The creative featured juxtaposed archived footage from the first Everest climb against modern day scenarios of individuals conquering their own “mountain” goals.
What’s Your Mountain? launched in multiple media touch points laser-targeted to the Grape-Nuts consumer. The creative device of contrasting past and present day was most easily told in film as a primary awareness driver, which included targeted TV (high weights were present on the season finale of Survivor) and online video. The media plan was designed to build strong reach levels amongst the core target group out of the gates in order to gain campaign traction.
Facebook was a key engagement channel where we hosted a contest asking consumers to tell us what their personal “mountain” goals were for a chance to achieve them. This sparked a conversation and helped grow a North American-wide online community with little capital investment.
A robust partnership with Rodale, the publisher for active lifestyle magazines such as Men’s Health, Women’s Health, and Running magazine provided an online forum to engage with our target audience.

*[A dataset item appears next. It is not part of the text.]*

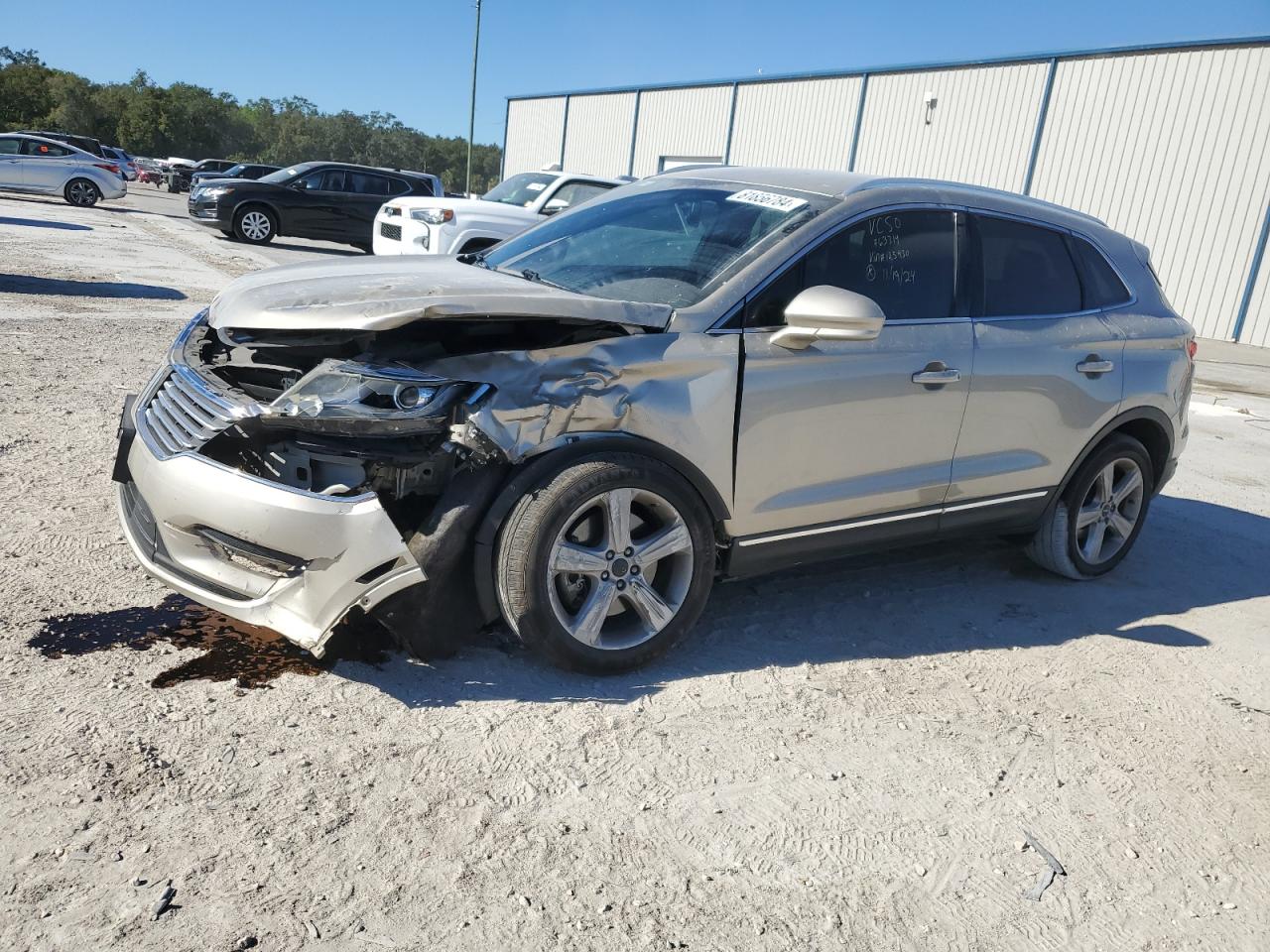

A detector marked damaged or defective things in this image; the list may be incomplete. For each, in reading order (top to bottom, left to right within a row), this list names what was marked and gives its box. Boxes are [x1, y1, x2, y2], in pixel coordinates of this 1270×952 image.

In addition, multiple digital ad units provided additional traffic via editorial promotion, high impact video units, full-site takeovers and mobile placement.
Grape-Nuts took over ski towns and hiking trails across North America to distribute over 1 million product samples. We set-up morning First Track breakfasts at the base of mountains to help give skiers and hikers the energy required their day.
The full campaign culminated 60 years after Hillary and his team first reached the summit – the summer of 2013. This included a high-profile PR event in New York City featuring a four-story rock climbing wall where participants could climb, personalize their own Grape-Nuts flag and put a stake in the ground, so to speak, in declaring how they would conquer their own personal mountains. On the same day, we took over online homepages of newspaper giants, the Wall Street Journal and New York Times with high-impact digital creative intended to replicate each newspapers’ front page 60 years prior, recreating the original news with a branded twist.
We helped Grape-Nuts summit their mountain with the following results:
- The launch of What’s Your Mountain grew the business +3% in $volume and +6% in units, all in a declining category (-3%) and declining Healthy segment (-6%)
- Market Share grew from 0.6 to 0.8
- Revenue increased 8%
- Penetration increased 1.0 point
- Growth in Facebook community from 185,000 to 254,000 fans, doubling our growth target of 20% to almost 40%
- A comScore study executed post campaign found all key KPI metrics experienced positive traction
Launching What’s Your Mountain? has been the key driver of business results for Grape-Nuts as evidence by significant sales success and improvements in key advertising metrics.
It was critical in dusting off this tired brand to find a product truth that married naturally and effortlessly with a consumer truth. The end result allowed Grape-Nuts to achieve success in conquering its own mountain.
The combined media and PR budget for the campaign was less than the previous year - therefore results were not driven by an increase in spending VYA.
Average Retail Unit Price % Chg was minimal during the BRP.
Average ACD Pt Chg was minimal over the BRP.
Unusual Promotional Activity:
Other Potential Causes:
Any applicable factors have already been detailed in this case.